Is Ceding the CIO Role to Men Just Another Career Inhibitor for Women?

    Last week I wrote a post following my interview with Martha Heller, an experienced CIO watcher and savvy recruiter specializing in placing IT executives, who expressed the view that women should consider pursuing a career in a female-friendly field like marketing rather than venture onto the male-dominated CIO career track. Heller noted that it’s difficult to fill a CIO vacancy with a woman, simply because the female talent pool is so low. It’s certainly a topic that warrants further discussion, especially in terms of how this gender divide relates to the disproportionately low number of women in high-profile, mission-critical corporate roles.

    First of all, it’s worth noting that if there was any outcry or backlash from women against Heller’s stand, I didn’t hear it. If anything, I heard general agreement.
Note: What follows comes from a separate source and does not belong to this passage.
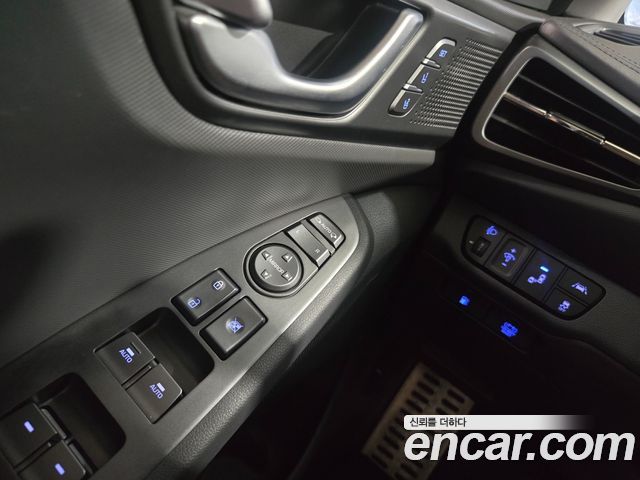 Hyundai Ioniq 2020 — photo 13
For example, Sabine Everaet, CIO of Coca-Cola’s European operation, tweeted this in response to my blog post:

    I agree: no pipeline of women ready, BUT as role evolves into digital, more women needed.
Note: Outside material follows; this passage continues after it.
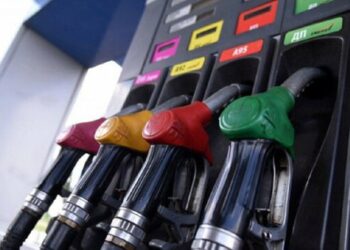 Британська розвідка пояснила причини дефіциту пального у Росії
    Meanwhile, Julie Lynch, principal at Uncommon Consulting and former vice president of human resources at Computerworld and InfoWorld, expressed strong support for Heller’s willingness to tell it like it is:

    Just because you don’t like something doesn’t make it less real. And pretending something doesn’t exist sets everyone up for failure. The best person for the job is the best person for the job. That said, run your organization with integrity, be a place where people want to work, be clear about job responsibilities, don’t make assumptions and cast your net wide to recruit a diverse workforce. If you truly value diversity, like Martha says, if the needle is that important, you’ll commit to spending time looking through the haystacks.
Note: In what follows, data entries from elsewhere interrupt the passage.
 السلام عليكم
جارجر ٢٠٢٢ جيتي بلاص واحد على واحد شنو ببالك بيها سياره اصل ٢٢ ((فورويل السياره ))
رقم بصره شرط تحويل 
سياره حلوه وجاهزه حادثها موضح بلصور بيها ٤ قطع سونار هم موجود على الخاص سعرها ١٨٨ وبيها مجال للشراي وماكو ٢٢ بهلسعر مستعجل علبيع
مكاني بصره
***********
    No doubt, Lynch’s advice to companies to cast a wide recruiting net is every bit as valuable as Heller’s admonition against insisting on filling the CEO position with a woman as a means of furthering diversity. In any case, it’s worth remembering that women have a disproportionately low representation in the jobs that are key to getting ahead in global companies.

    Last month, Catalyst, a non-profit organization dedicated to the advancement of opportunities for women in the work place, released the results of a study that found that women get fewer of the “hot” jobs that predict advancement — those mission-critical roles involving high-visibility projects and international experience — than men. Here are a few highlights from the study:

    • 62 percent of respondents said high-profile assignments that gave them leadership experience had the greatest impact on their careers, while only 10 percent cited formal training programs as most impactful.
    • Men reported leading projects with bigger budgets (more than twice the size of women’s), larger teams (more than three times as many staff), that posed higher risk to the company (30 percent of men vs. 22 percent of women), and had more C-suite visibility (35 percent of men vs. 26 percent of women).
    • Men reported having roles with more critical responsibility—for profit and loss (56 percent of men vs. 46 percent of women), management of direct reports (77 percent of men vs. 70 percent of women), and budgets over $10 million (30 percent of men vs. 22 percent of women).
    • International assignments predict advancement, and women get fewer than men—but not because they’re unwilling to relocate. Of those most willing, more men than women got those assignments (35 percent vs. 26 percent), and more women than men were never offered the opportunity (64 percent vs. 55 percent).
    • More men than women got “hot jobs” after being in formal leadership development programs, and more men were promoted within a year of program completion (51 percent of men vs. 37 percent of women).